– Я тогда обиделся на блаженную, – рассказывал Иван Борисович, – а получилось, к лучшему. Как выяснилось после, там была крупная революционная организация, мой товарищ сразу же принял активное участие в ее делах и вскоре был арестован и повешен. Если бы на это место попал я, то по своему характеру тоже стал бы работать там, и эта участь постигла бы меня. А блаженная Ксения меня спасла.
Еще он рассказывал, как присутствовал на публичном сеансе известного спирита и, сидя в зале, все время читал про себя «Отче наш». Выступление спирита оказалось неудачным, опыты срывались один за другим. Наконец он отказался продолжать, заявив: «Мне кто-то мешает». Выходя из зала, Иван Борисович встретил знакомого священника, который сказал, что тоже все время молился о неудаче выступления.
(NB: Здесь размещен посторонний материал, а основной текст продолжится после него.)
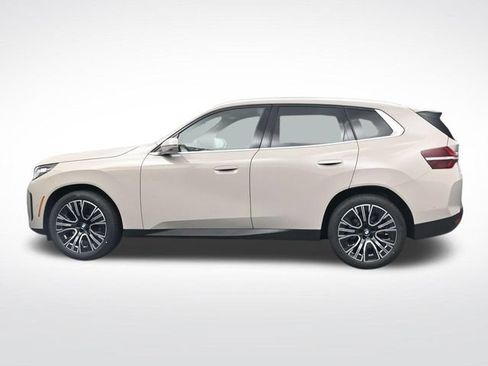 New 2026 BMW X3 xDrive30i w/ Premium Package AWD/4WD image 8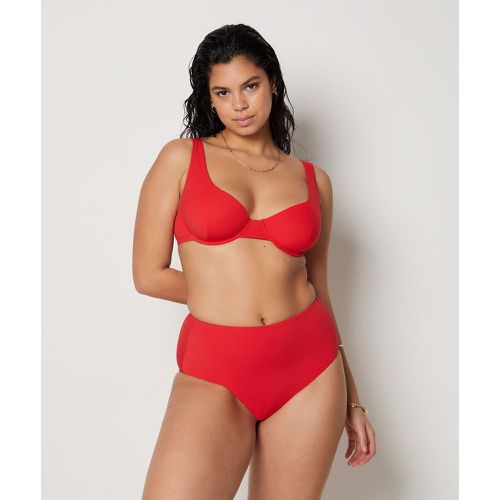 Corbeille haut de maillot - Sculpt - 85C - Etam - Modalova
На Благовещение епископ Павел сказал проповедь, которая произвела большое впечатление своей задушевностью. Он говорил, что у Девы Марии по-человечески была очень тяжелая жизнь. Она еще совсем ребенком потеряла отца, а через несколько лет и мать. Обрученная праведному Иосифу, вошла в семью, где все, кроме старшего сына Иакова и младшей дочери Марии, были против нее. А как тяжело ей было после зачатия замечать подозрения Иосифа и не иметь возможности оправдаться! Нужно было откровение через ангела, чтобы он поверил происшедшему чуду.
– Мне до сих пор и в голову не приходило, что Божия Матерь росла сиротой, – против обыкновения немногословно, но с чувством сказал на другой день Иван Борисович.
Подошло Вербное воскресенье (24 марта 1930 года). В соборе из-за малого числа священников сложился такой порядок: по воскресеньям служились две литургии, ранняя и поздняя. Когда служил архиерей, отец Сергий, которому в эти дни обычно приходилось служить раннюю, за архиерейской службой, ради торжественности, принимал участие в выходах, а в самом служении не участвовал, не причащался. По большим же праздникам ранняя отменялась, и архиерейское служение происходило по всей форме, с двумя сослужащими священниками.
Перед Вербным воскресеньем несколько командиров стоявшей в Пугачеве военной части подошли к владыке и попросили, чтобы в этот день была отслужена ранняя. Им хотелось причаститься, а на этот день у них неожиданно назначили занятия; к поздней они не могли попасть.
Почему-то получилось, что отец Александр не помогал за ранней, и отец Сергий, окончив проскомидию, сам вышел исповедовать. Времени не хватило, последний военный подошел к аналою перед самой «Херувимской».
– Я сейчас должен уйти, выйду после, – сказал ему отец Сергий. – Может быть, вы пока сойдете вниз?
– Ничего, я постою здесь, – ответил военный.
– Ждать придется долго, – опять предупредил отец Сергий.
– Все равно, меня это не смущает.
И простоял на амвоне, на виду у всего народа, до тех пор, пока отец Сергий не вышел, причастившись.
В этот день была очередь отца Сергия говорить о действительности Воскресения Христа и общем воскресении всех к вечной жизни. При этом были использованы доказательства, приготовленные еще в прошлом году к диспуту, который должен был состояться на Пасху, но главное, что действовало на людей, это взволнованность и глубокая убежденность, с которыми говорил отец Сергий. Михаил Васильевич вспоминал эту проповедь даже после смерти отца Сергия.
Кроме Ивана Борисовича в эту зиму постоянным гостем отца Сергия был отец Николай Авдаков, тот самый, о деревянном кресте которого упоминал Семенов. Этот молодой тридцатитрехлетний священник уже успел провести по три года в Великом Устюге и на Соловках и был прислан в Пугачев на третье трехлетие. Он приехал почти без ничего, и первое время его каждый день приглашали обедать то владыка, то отец Сергий, Моченев или Парадоксов, то еще кто-нибудь из духовенства. Вскоре его устроили псаломщиком в Старый собор, но в свободное время он по-прежнему тянулся к отцу Сергию, в семье которого его искренно полюбили. Несмотря на свою молодость, он много пережил, много испытал; его слушали с жадностью.
Его рассказы были совсем в другом роде, чем у Ивана Борисовича. Те открывали для молодежи новые горизонты, будили новые мысли, но все-таки его мир был чужой, не вызывавший даже стремления к нему приблизиться. То же, о чем говорил отец Николай, было свое, родное, пережитое если не самими, то кем-то из хорошо известных, близких людей, или такое, что им не сегодня-завтра придется испытать на себе, к чему нужно заранее приготовиться.